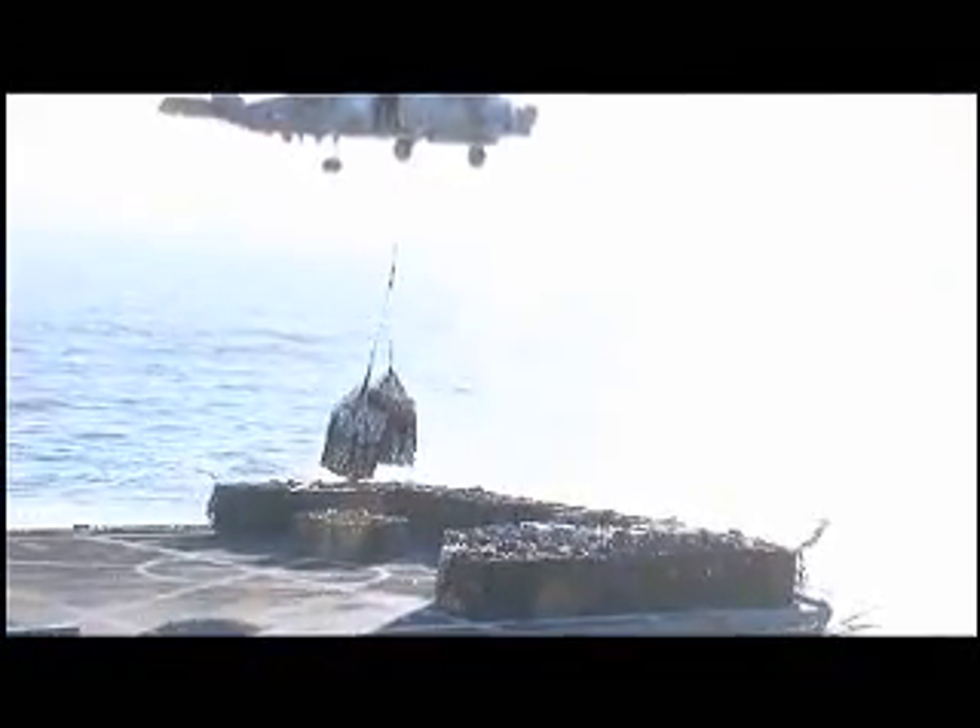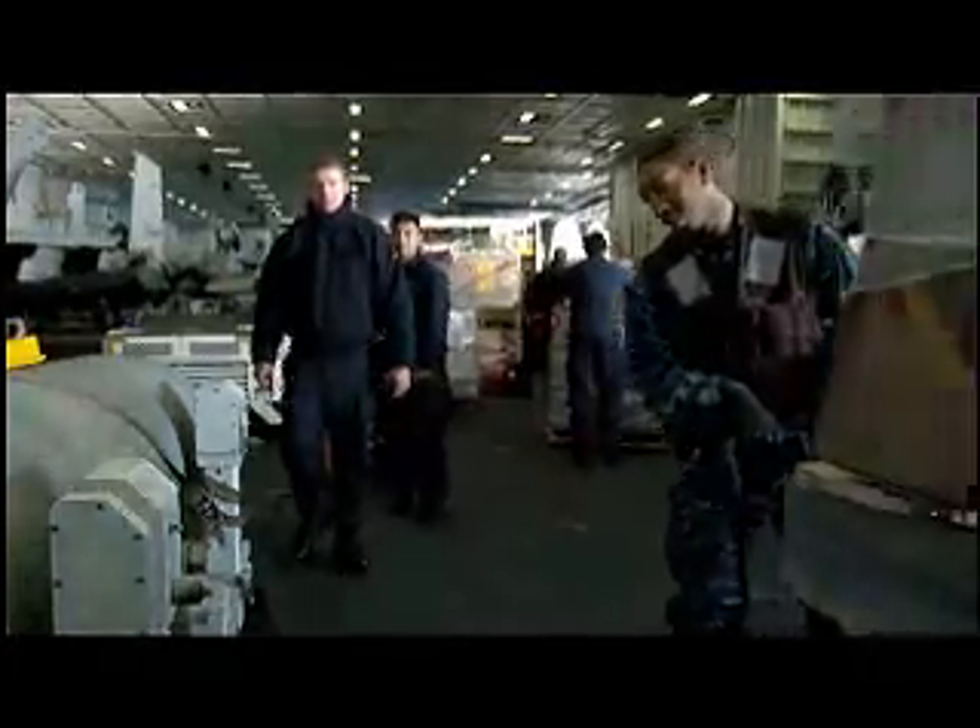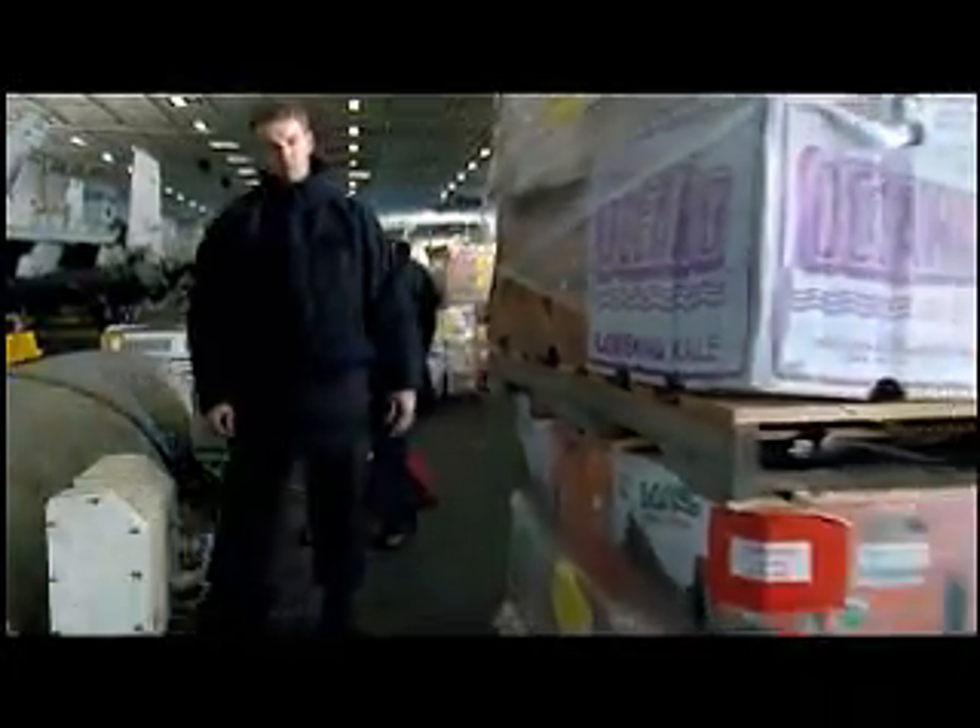So while the tank was being refilled, helos delivered 153 pallets of mail, tools, materials, and food. Once unloaded, sailors were tasked with stowing all the pallets.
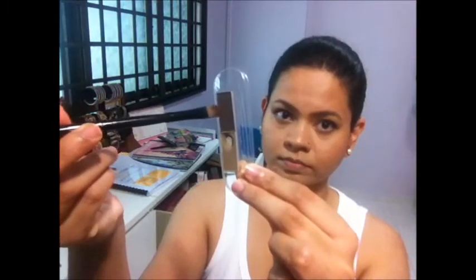Now with the same shader brush, I take a little bit of the darker color eyebrow powder and lightly fill out the outer corners of the eyebrows. I try to have them looking similar but not the same.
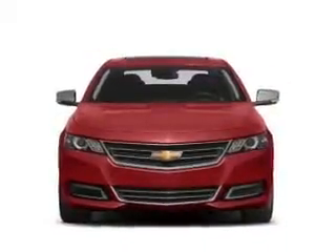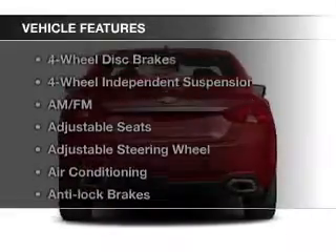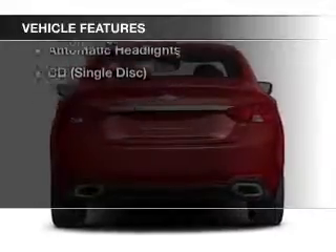Premium wheels lend a distinctive appearance. Anti-lock brakes help you bring your vehicle to a safe stop. Plus, enjoy these notable features that are included in this vehicle.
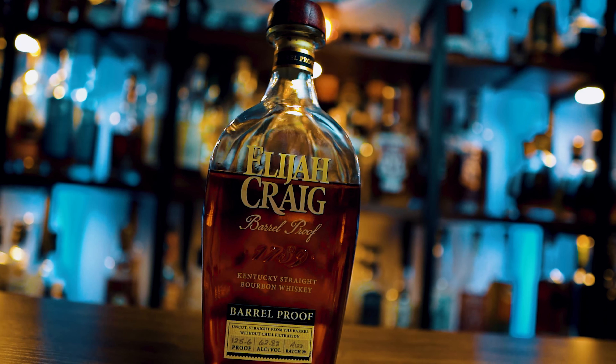What's going on everybody? Trev Wilson here. Welcome back to the Bourbon Ranch. Today's review is going to be over Elijah Craig Barrel Proof A123.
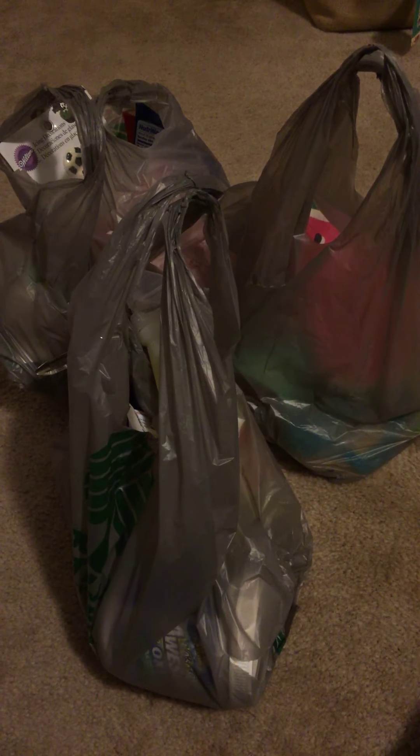Hey guys, I'm back with another Dollar Tree haul. I just left everything in the bags this time and I'll just pull from the bags, so it's gonna be all over the place — random things at a time.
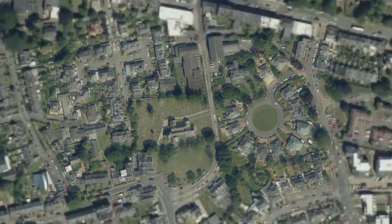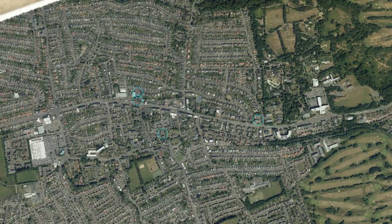Nowadays, having more than one church next to each other isn't too unusual, but this was the 1400s, where population densities were much lower and it was only one denomination in the country. So, what happened?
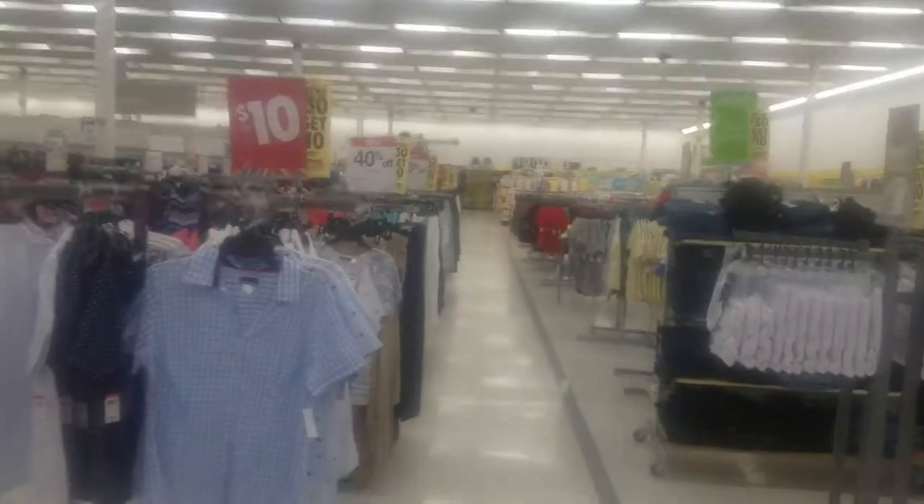Misfit Fan Collector here, and today we're in Kmart looking around. I've been in Kmart for a long time, and I'm just going to record the fans of Kmart.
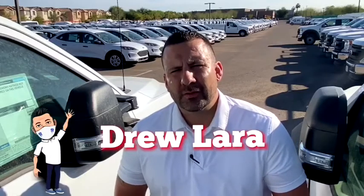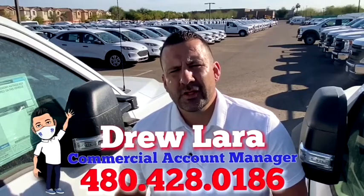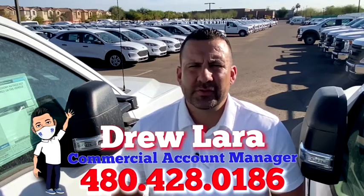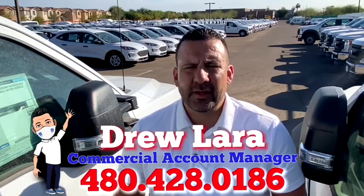Drew here, Peoria Ford, Commercial Fleet Sales Account Manager. Just want to thank you for the opportunity to assist you. I know there's a lot of places you can choose to do business and I'm very grateful that you've given me the opportunity.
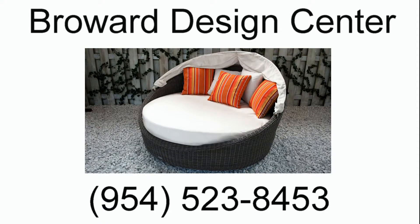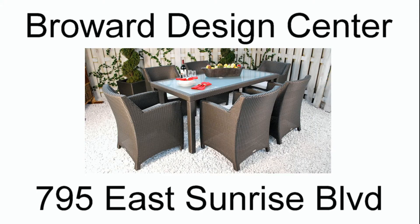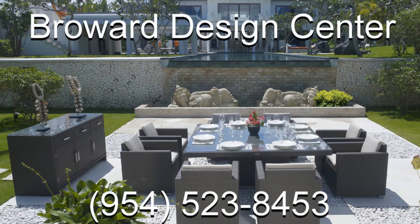Our professional staff of outdoor furniture experts are standing by to help you build your dream pool deck or patio. Visit our furniture showroom today at 795 East Sunrise Boulevard in Fort Lauderdale or call us at 954-523-8453.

··········

• **TASK INSTRUCTIONS**
Your output should be the lines from the one with "Hey guys, I'm" through the end of the listing, copied exactly and with the pictures left out.

• **ANSWER BOX**
Hey guys, I'm back with another Dollar Tree haul. I just left everything in the bags this time and I'll just pull from the bags, so it's gonna be all over the place — random things at a time.
Nowadays, having more than one church next to each other isn't too unusual, but this was the 1400s, where population densities were much lower and it was only one denomination in the country. So, what happened?
Misfit Fan Collector here, and today we're in Kmart looking around. I've been in Kmart for a long time, and I'm just going to record the fans of Kmart.
Drew here, Peoria Ford, Commercial Fleet Sales Account Manager. Just want to thank you for the opportunity to assist you. I know there's a lot of places you can choose to do business and I'm very grateful that you've given me the opportunity.
Our professional staff of outdoor furniture experts are standing by to help you build your dream pool deck or patio. Visit our furniture showroom today at 795 East Sunrise Boulevard in Fort Lauderdale or call us at 954-523-8453.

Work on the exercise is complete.